The book documents the trials and tribulations of The Ovitz family, Transylvanian Jews who have the unique distinction of being one of the few families to enter the concentration camp of Auschwitz and survive intact. Born with the disability of pseudoachondroplasia, the family of seven dwarves became an obsession of the infamous Nazi doctor Josef Mengele. During their time at Auschwitz the brother and sisters were subjected to a series of highly invasive medical experiments.

"Once I got involved in the material, I decided it was a journey I wanted to take along with me," Keevins said. It was the beginning of a journey that culminated in a performance at The O'Neill Theater Center on Saturday June 15.

Directed by Deborah Hertzberg, Seven Dwarves: A Survival Story is a combination of shadow puppetry and live action. It follows the story of the Ovitzes through the eyes of the youngest sister, Perla Ovitz.

Sofiya Cheyenne Perez, an undergraduate at Brooklyn College, played Perla. She also has the same disability as the Ovitzes. Hertzberg and Keevins chose to cast her because according to Keevins, "We felt that it was really important to actually have a little person involved. We don't want to make assumptions about something we don't know about, so I think acknowledging that this was happening to a human being is important."

Puppeteers Spencer Lott and Leila Ghaznavi operated the puppets and acted in the play. The rest of the Ovitz family was depicted in a tiny suitcase that opened to become a toy theatre full of paper puppets. Before the performance, Hertzberg spent a considerable amount of time researching the aesthetics of the play. "We wanted the shadow puppetry to represent an emotional tonal experience," she said. Bathed in shades of orange, Sofiya sang Gershwin's "But Not For Me," which, when juxtaposed with images of calipers on tiny heads, the silhouettes of barking dogs and the barbed gates of Auschwitz, created a stark and poignant atmosphere of heartbreak.

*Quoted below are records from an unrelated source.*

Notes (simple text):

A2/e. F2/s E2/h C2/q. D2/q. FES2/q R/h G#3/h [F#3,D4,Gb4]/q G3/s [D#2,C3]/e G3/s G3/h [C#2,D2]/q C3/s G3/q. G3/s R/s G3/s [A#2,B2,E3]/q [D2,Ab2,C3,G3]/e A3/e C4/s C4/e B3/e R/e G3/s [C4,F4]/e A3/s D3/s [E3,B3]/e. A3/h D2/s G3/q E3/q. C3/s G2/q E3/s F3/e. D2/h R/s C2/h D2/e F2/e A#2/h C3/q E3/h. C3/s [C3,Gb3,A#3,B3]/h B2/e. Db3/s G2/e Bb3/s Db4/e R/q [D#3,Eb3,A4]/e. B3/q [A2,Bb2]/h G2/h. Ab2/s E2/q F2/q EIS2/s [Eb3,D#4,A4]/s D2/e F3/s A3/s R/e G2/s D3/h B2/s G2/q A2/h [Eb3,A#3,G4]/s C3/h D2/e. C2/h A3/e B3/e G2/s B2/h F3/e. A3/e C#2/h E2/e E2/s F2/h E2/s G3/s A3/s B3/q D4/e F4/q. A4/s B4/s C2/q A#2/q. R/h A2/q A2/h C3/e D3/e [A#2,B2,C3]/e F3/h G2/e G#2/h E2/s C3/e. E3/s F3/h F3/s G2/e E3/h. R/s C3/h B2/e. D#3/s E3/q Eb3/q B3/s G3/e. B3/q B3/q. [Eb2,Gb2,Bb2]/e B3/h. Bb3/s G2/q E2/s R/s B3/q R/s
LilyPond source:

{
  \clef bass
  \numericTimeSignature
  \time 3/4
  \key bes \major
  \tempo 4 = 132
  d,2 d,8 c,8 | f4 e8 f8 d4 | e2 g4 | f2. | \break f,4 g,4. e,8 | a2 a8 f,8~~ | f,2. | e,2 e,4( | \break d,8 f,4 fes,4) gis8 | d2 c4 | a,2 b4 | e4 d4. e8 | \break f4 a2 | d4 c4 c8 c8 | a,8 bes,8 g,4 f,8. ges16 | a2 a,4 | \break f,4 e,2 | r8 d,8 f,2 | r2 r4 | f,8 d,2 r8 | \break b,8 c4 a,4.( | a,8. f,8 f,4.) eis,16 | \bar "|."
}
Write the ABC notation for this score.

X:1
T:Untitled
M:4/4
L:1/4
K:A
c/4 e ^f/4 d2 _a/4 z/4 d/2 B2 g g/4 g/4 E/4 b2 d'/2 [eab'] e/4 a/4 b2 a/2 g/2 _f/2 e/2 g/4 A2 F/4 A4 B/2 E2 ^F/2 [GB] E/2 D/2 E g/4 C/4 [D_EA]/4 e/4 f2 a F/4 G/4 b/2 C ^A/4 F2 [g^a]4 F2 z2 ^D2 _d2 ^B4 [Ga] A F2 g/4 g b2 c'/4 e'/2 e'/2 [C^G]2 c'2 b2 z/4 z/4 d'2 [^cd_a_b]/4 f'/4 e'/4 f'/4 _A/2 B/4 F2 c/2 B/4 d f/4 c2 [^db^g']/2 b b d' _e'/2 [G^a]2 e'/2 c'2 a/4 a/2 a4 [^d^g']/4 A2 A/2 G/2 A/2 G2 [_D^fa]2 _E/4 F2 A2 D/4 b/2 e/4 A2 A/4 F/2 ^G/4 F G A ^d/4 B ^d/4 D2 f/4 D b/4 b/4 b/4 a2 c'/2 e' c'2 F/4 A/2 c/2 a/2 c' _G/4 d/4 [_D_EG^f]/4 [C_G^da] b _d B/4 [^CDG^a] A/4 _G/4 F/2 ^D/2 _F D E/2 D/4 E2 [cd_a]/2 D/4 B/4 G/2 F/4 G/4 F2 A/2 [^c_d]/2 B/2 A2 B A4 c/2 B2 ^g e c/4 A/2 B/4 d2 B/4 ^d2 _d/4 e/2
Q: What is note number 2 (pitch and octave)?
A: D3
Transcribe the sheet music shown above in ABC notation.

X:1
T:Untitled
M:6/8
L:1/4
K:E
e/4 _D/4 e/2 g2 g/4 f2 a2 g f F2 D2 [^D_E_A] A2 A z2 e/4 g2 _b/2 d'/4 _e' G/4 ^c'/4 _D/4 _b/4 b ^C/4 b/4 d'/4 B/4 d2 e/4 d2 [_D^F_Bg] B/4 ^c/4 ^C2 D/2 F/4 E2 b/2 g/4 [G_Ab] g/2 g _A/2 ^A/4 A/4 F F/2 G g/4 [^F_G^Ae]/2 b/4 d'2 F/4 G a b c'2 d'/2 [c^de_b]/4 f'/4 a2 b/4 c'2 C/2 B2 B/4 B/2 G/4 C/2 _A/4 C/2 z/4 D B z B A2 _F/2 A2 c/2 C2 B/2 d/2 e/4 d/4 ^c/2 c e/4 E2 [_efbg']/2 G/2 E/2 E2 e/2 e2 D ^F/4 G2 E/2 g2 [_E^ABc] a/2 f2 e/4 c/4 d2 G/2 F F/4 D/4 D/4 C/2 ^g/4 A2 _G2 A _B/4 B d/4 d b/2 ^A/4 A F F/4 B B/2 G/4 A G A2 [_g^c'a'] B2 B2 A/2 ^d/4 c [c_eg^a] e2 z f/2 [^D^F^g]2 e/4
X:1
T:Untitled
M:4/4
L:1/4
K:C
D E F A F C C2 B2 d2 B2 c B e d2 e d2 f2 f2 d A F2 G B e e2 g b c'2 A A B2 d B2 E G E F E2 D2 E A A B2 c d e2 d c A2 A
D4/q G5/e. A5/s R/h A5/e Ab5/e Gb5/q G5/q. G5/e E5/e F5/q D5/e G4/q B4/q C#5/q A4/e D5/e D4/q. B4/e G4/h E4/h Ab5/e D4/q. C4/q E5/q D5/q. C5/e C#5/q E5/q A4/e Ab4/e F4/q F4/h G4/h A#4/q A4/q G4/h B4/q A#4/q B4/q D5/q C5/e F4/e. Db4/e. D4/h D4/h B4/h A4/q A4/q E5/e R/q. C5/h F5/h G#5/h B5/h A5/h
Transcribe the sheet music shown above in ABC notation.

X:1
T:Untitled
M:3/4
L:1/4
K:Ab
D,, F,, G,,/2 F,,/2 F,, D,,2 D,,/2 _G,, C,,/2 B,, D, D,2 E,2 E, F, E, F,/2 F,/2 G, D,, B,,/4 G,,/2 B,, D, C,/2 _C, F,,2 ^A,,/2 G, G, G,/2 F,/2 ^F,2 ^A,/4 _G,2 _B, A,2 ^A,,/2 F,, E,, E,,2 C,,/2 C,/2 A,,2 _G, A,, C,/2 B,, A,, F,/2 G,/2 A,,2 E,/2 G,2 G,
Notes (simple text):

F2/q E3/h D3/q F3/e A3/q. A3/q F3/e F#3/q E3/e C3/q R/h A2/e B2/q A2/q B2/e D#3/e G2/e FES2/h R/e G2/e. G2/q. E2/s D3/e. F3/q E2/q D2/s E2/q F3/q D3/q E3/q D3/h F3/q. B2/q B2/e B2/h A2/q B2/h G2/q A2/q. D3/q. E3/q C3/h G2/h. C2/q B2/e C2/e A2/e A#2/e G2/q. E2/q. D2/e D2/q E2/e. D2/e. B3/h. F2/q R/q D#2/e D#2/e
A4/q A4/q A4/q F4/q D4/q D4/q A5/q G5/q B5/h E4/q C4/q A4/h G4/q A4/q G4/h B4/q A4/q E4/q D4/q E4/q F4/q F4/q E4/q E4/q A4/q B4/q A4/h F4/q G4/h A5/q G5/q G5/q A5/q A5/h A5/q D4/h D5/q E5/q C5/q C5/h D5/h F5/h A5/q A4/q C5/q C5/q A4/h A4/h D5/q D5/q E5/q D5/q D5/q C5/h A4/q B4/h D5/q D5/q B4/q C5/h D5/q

Perla Ovitz saw Mengele as a sort of savior and considered her experiments better than death at a concentration camp; she is known to have cried at the news of his death.

"I would really like audiences to take away a perspective of responsibility to humanity," said Hertzberg, who said she wants audiences to question the existence of genocide, along with issues of disability and the power of forgiveness.

Seven Dwarves: A Survival Story was workshopped as part of The O'Neill's writer-in-residence program. The script is still in development.